**What is expected:** A word-for-word copy of the listing is required, and it must contain no pictures.

**Information supplied:**
⁂

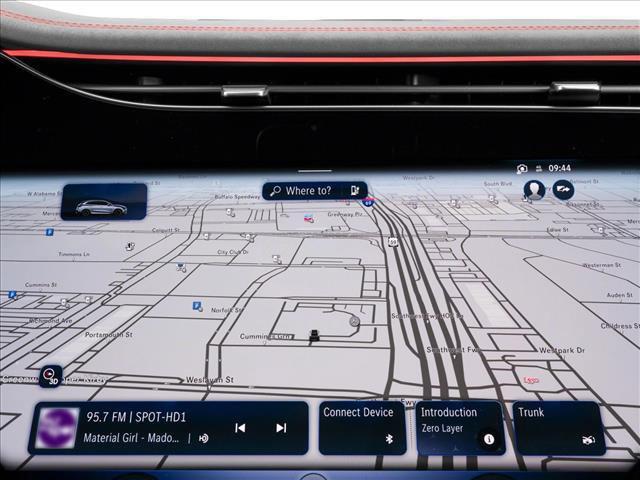 new 2025 Mercedes-Benz AMG EQE car, priced at $114,360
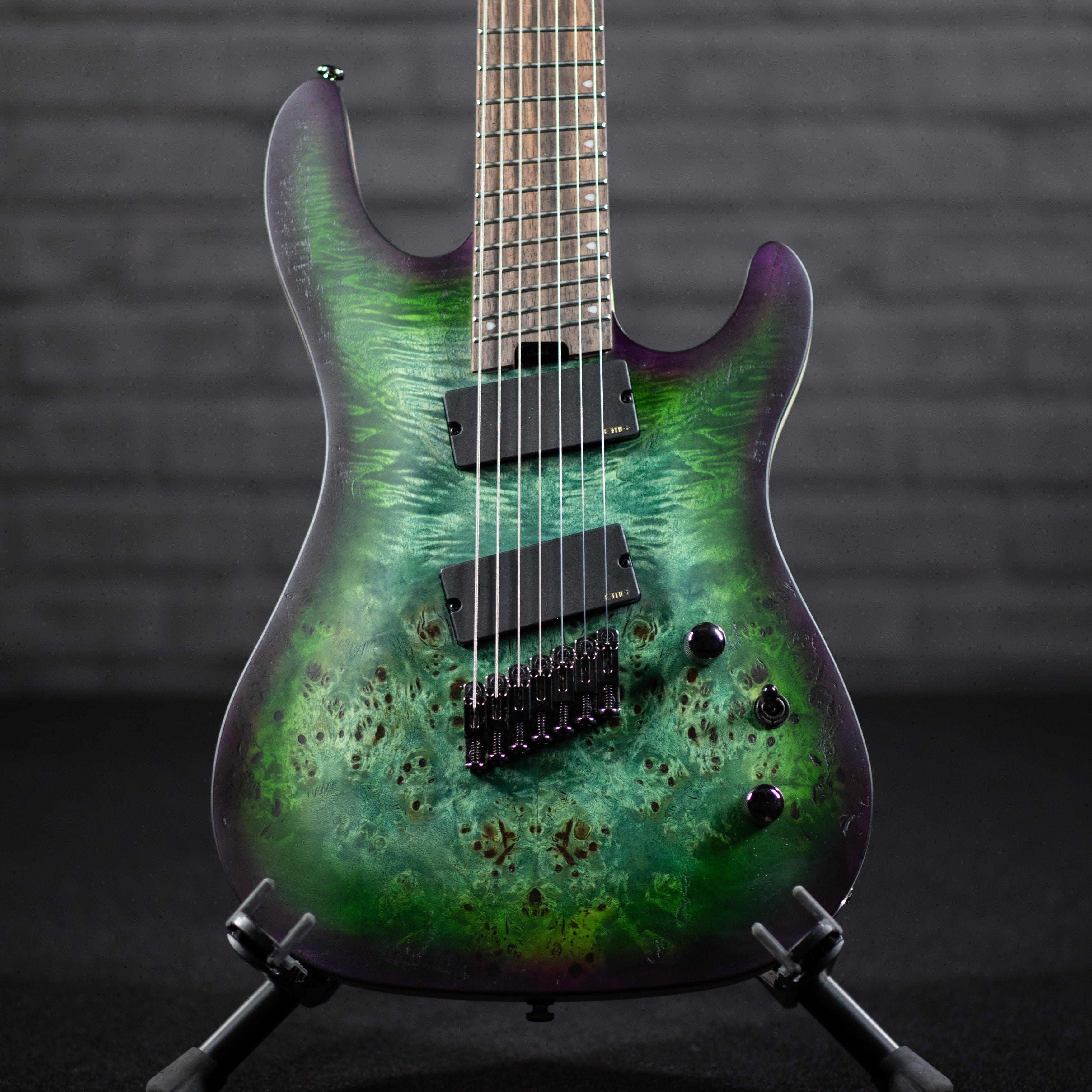 Cort KX00MS 7-String Multi-Scale Electric Guitar (Star Dust Green) - Impulse Music Co.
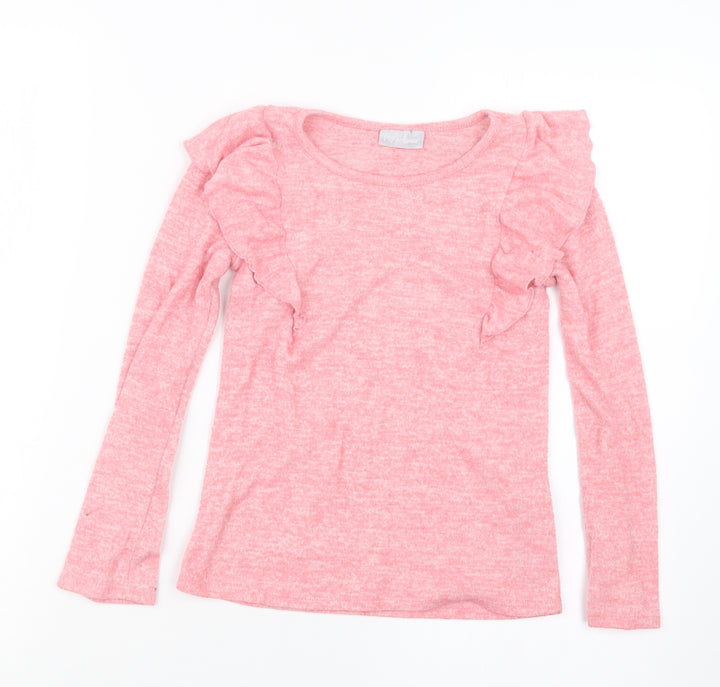 Matalan Girls Pink Pullover Jumper Size 9 Years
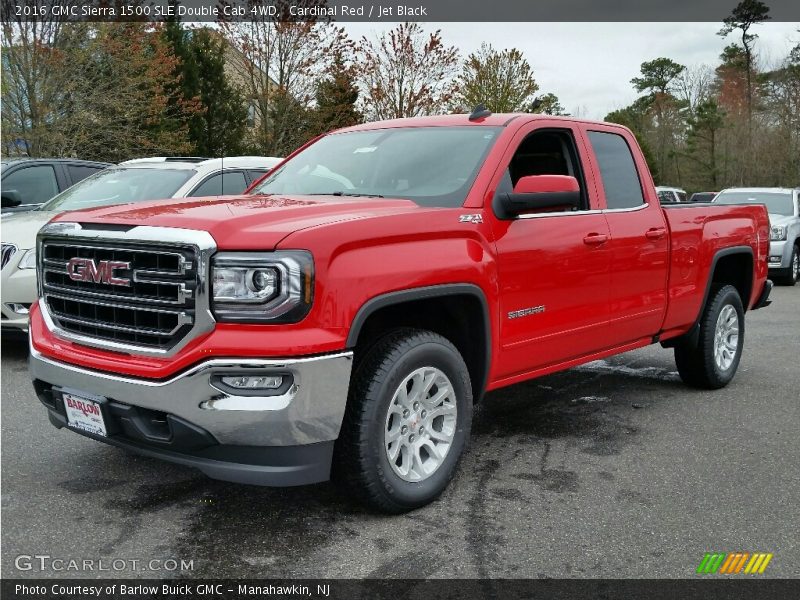 Cardinal Red / Jet Black 2016 GMC Sierra 1500 SLE Double Cab 4WD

⁂

**Exercise result:**
 new 2025 Mercedes-Benz AMG EQE car, priced at $114,360
 Cort KX00MS 7-String Multi-Scale Electric Guitar (Star Dust Green) - Impulse Music Co.
 Matalan Girls Pink Pullover Jumper Size 9 Years
 Cardinal Red / Jet Black 2016 GMC Sierra 1500 SLE Double Cab 4WD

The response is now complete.